▸ GIVEN RECORDS:
=-=-=-=-=
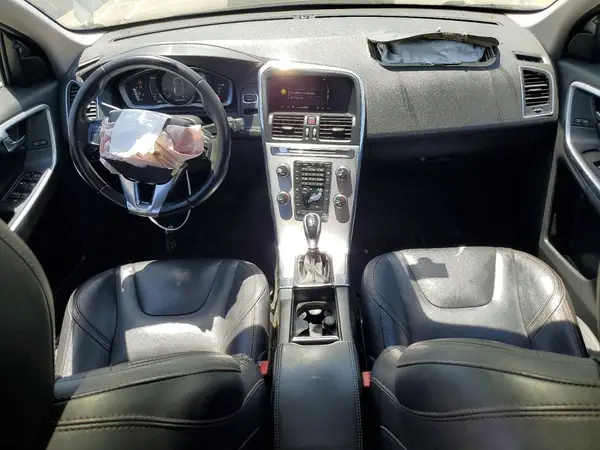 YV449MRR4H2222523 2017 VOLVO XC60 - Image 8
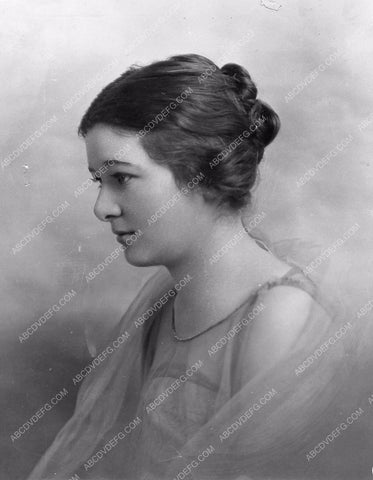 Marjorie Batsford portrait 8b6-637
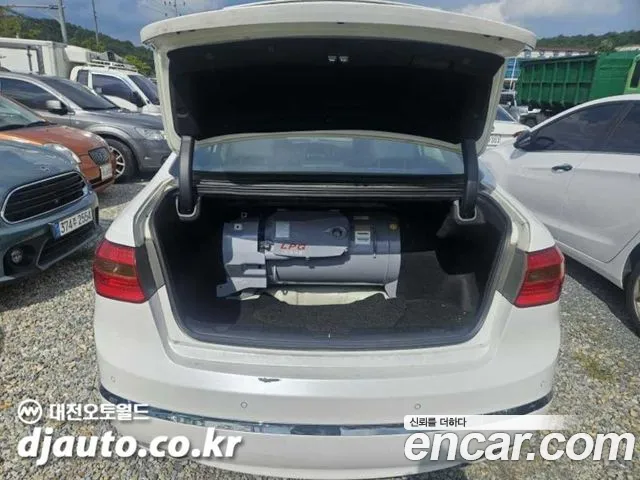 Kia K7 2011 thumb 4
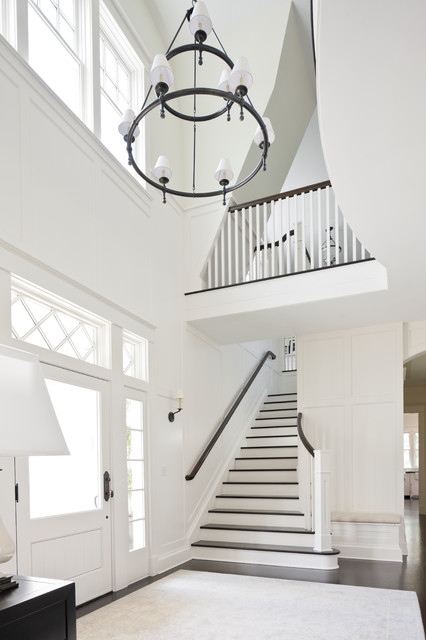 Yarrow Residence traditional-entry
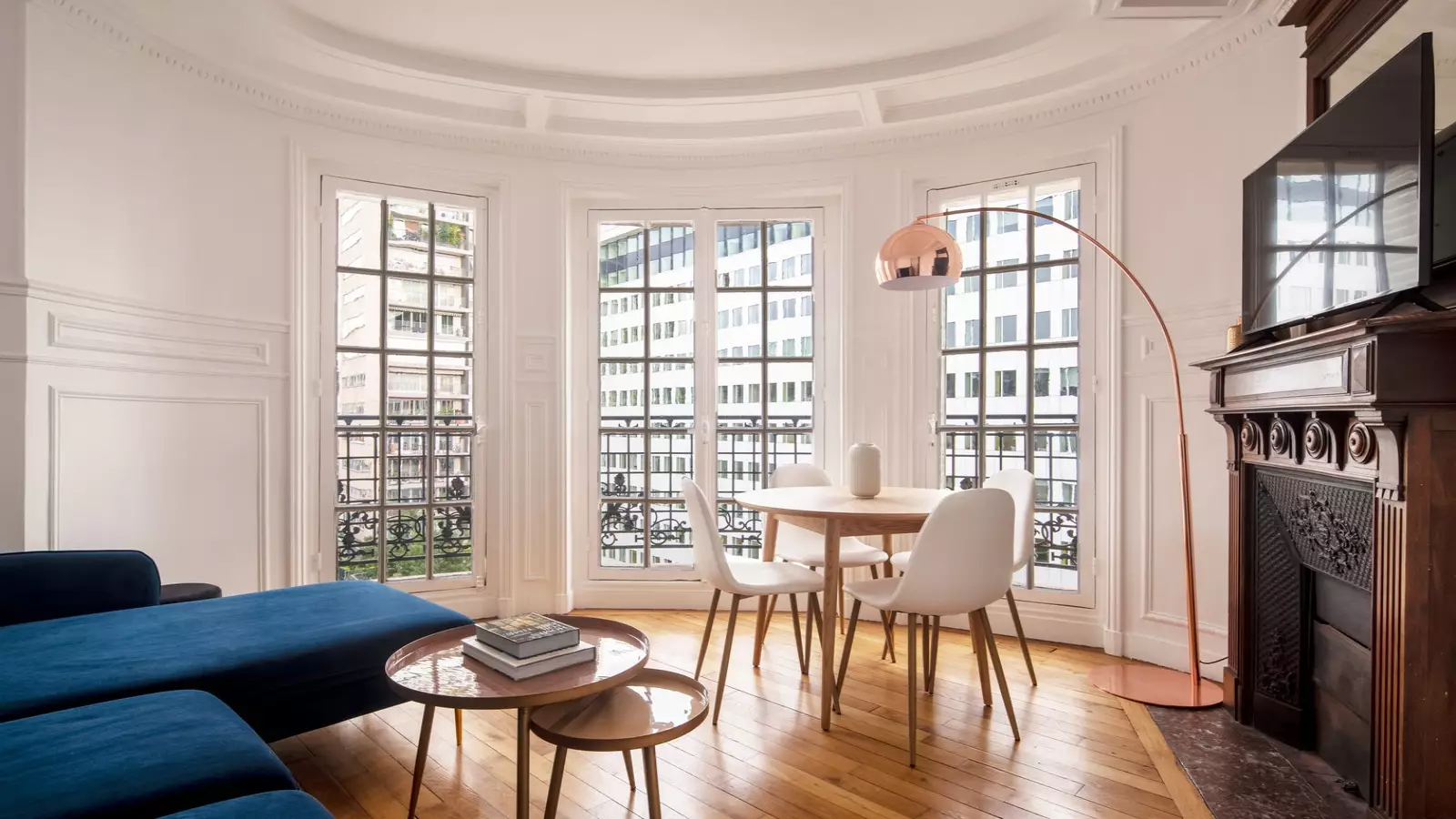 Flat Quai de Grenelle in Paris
=-=-=-=-=
▸ TASK REQUIREMENTS: From the line holding "Marjorie Batsford portrait 8b6-637" down to the final line of the entries above, print every line exactly. Pictures do not go in.

▸ WRITTEN SOLUTION:
 Marjorie Batsford portrait 8b6-637
 Kia K7 2011 thumb 4
 Yarrow Residence traditional-entry
 Flat Quai de Grenelle in Paris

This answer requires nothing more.